[PROBLEM]:
Without the pictures, give every record again exactly.

..............................

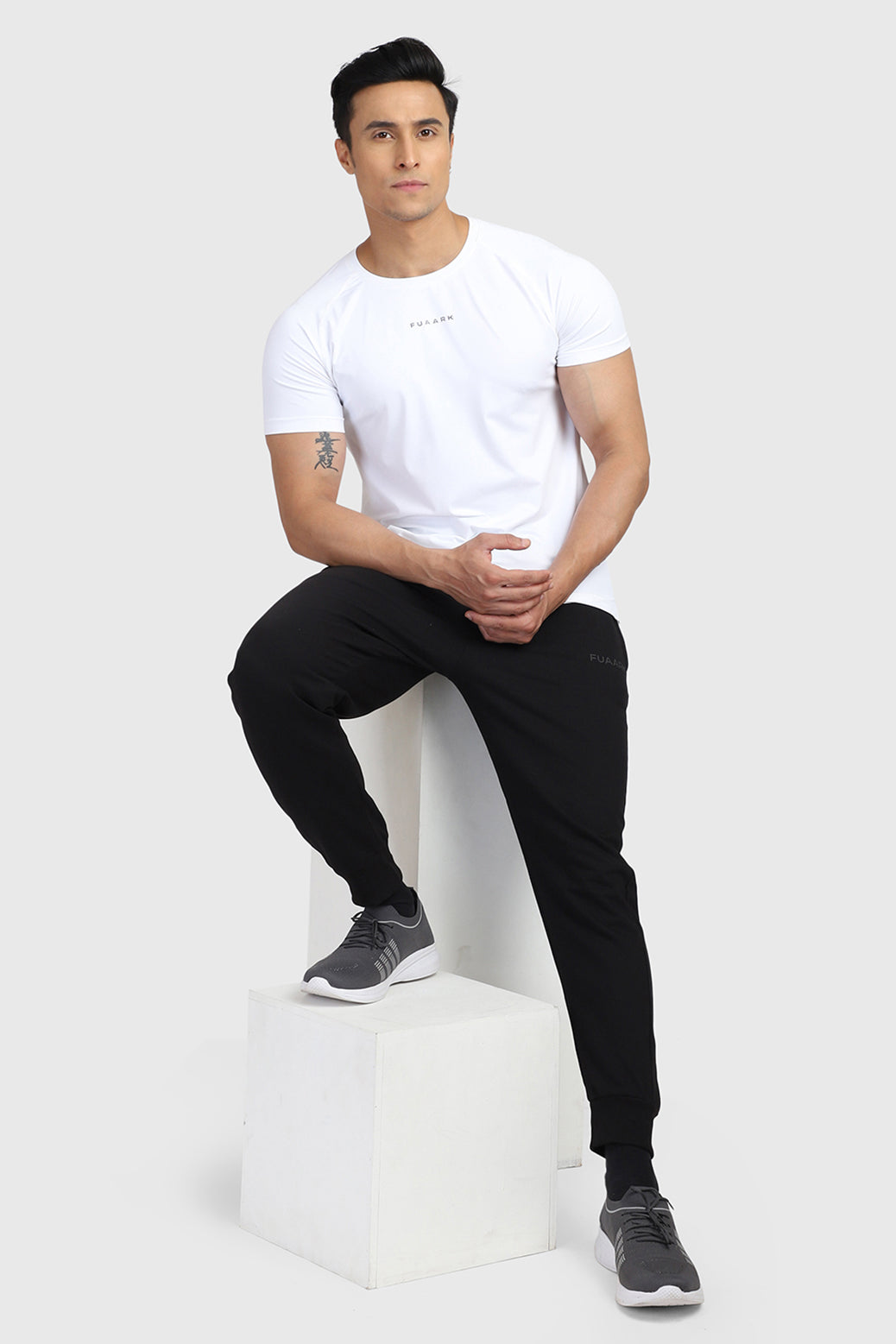 Sleek T-shirt White / Fuaark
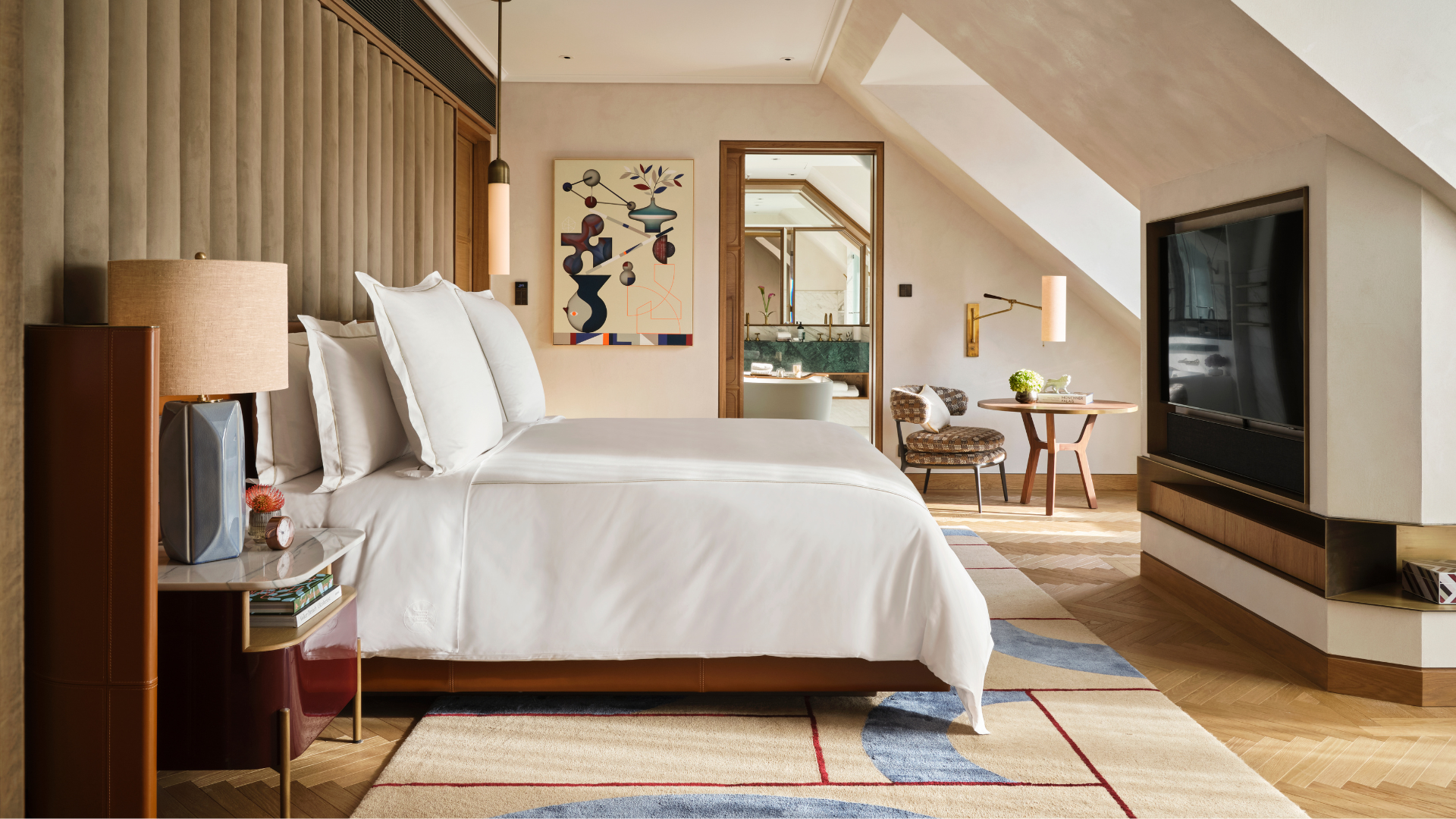 Schlafbereich der Prinzessin Augusta Suite mit Dachschrägen im Rosewood München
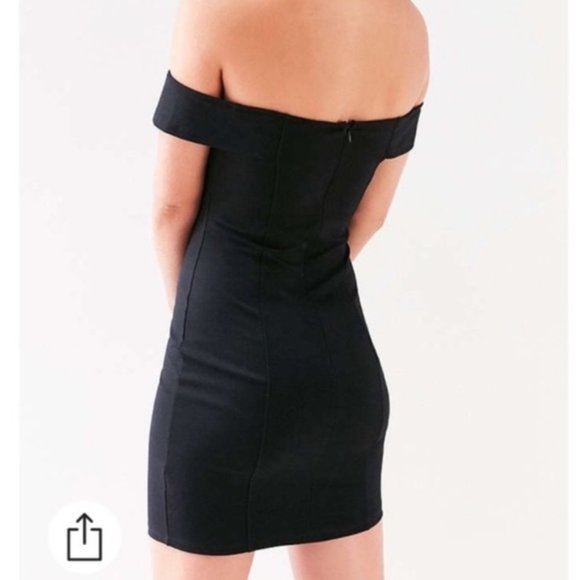 UO silence and noise body con OTS black mini dress - Picture 3 of 4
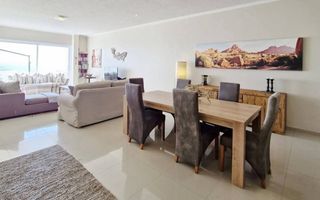 3 Bedroom House For Sale in Long Beach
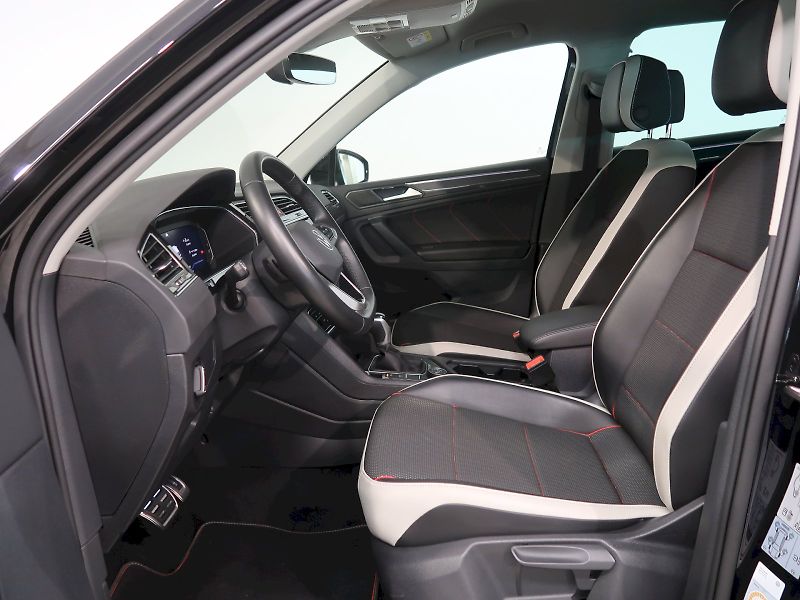 Volkswagen Tiguan (2022) EDICE URBAN 2.0TDI 110KW 4x4 D - fotka 12 z 35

..............................

[RESULT]:
 Sleek T-shirt White / Fuaark
 Schlafbereich der Prinzessin Augusta Suite mit Dachschrägen im Rosewood München
 UO silence and noise body con OTS black mini dress - Picture 3 of 4
 3 Bedroom House For Sale in Long Beach
 Volkswagen Tiguan (2022) EDICE URBAN 2.0TDI 110KW 4x4 D - fotka 12 z 35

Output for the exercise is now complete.